• GIVEN ENTRIES
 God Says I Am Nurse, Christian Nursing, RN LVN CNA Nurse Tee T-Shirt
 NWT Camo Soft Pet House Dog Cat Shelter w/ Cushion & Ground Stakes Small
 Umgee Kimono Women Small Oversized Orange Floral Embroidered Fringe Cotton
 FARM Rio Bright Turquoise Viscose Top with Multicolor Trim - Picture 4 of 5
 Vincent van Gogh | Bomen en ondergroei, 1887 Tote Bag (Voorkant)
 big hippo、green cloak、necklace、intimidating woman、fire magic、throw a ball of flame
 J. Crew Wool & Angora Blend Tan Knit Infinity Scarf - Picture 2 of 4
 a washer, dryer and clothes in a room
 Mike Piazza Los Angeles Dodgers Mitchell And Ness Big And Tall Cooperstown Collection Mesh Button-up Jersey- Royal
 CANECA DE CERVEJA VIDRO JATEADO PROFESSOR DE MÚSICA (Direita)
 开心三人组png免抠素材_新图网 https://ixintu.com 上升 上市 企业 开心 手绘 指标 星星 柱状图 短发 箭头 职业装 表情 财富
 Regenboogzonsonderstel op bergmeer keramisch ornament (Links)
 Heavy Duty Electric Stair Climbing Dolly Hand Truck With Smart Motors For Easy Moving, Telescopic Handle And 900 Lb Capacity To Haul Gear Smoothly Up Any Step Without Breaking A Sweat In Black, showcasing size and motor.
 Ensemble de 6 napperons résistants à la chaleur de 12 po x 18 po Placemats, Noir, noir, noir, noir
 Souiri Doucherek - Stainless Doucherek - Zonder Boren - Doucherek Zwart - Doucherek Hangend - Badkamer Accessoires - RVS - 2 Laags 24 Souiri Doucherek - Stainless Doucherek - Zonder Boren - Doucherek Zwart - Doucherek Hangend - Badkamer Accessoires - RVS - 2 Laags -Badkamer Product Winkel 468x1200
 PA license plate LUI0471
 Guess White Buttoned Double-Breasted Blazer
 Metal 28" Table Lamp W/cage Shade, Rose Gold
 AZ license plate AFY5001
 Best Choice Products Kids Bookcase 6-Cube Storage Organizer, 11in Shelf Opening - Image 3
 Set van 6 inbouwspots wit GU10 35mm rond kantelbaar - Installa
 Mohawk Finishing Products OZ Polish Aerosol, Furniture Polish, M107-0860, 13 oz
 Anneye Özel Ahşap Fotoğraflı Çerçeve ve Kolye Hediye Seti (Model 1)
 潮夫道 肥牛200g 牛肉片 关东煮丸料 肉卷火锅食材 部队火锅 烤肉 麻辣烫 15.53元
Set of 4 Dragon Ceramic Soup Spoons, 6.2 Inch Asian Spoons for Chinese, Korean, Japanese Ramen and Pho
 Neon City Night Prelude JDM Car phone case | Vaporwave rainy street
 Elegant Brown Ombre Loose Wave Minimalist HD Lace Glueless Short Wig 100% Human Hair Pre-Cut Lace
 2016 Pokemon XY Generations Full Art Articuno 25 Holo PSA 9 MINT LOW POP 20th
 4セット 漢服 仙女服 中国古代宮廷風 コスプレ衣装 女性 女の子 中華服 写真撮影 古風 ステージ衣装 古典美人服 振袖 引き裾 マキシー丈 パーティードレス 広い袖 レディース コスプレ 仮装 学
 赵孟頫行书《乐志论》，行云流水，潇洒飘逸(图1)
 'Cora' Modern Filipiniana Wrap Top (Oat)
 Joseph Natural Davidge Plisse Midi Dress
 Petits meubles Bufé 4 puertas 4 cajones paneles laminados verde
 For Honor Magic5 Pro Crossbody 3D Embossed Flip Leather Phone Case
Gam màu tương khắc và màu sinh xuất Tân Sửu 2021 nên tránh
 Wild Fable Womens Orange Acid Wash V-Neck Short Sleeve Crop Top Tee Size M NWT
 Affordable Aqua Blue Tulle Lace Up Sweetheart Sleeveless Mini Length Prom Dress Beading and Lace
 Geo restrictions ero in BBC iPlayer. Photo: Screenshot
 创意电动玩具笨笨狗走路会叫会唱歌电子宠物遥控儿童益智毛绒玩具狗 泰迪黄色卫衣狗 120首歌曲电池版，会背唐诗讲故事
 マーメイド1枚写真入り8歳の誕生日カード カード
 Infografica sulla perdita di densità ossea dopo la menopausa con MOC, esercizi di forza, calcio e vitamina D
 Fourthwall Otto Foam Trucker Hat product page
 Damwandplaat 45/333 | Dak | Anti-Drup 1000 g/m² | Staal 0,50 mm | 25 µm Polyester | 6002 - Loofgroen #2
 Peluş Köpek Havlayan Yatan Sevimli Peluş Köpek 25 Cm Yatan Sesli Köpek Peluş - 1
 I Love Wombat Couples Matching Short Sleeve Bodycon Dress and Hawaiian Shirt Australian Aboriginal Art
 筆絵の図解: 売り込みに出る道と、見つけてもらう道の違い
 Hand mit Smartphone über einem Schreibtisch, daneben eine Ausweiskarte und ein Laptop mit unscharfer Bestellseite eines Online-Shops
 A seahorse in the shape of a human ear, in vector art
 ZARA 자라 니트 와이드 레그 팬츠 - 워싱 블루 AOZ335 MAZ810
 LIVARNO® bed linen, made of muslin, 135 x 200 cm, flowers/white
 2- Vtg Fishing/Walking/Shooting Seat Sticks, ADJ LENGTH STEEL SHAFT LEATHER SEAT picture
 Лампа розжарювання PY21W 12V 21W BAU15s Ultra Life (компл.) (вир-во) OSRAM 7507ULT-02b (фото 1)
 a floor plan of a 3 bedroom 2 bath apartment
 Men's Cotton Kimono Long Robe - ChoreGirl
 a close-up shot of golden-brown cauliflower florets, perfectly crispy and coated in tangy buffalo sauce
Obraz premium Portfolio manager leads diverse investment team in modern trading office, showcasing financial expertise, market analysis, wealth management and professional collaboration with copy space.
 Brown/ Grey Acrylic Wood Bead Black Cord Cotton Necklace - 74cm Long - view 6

• WORK TO BE COMPLETED
Write out exactly the lines that fall from the line with "开心三人组png免抠素材_新图网 https://ixintu.com 上升" to the line with "Ensemble de 6" in the records above, keeping both ends.

• EXERCISE RESULT
 开心三人组png免抠素材_新图网 https://ixintu.com 上升 上市 企业 开心 手绘 指标 星星 柱状图 短发 箭头 职业装 表情 财富
 Regenboogzonsonderstel op bergmeer keramisch ornament (Links)
 Heavy Duty Electric Stair Climbing Dolly Hand Truck With Smart Motors For Easy Moving, Telescopic Handle And 900 Lb Capacity To Haul Gear Smoothly Up Any Step Without Breaking A Sweat In Black, showcasing size and motor.
 Ensemble de 6 napperons résistants à la chaleur de 12 po x 18 po Placemats, Noir, noir, noir, noir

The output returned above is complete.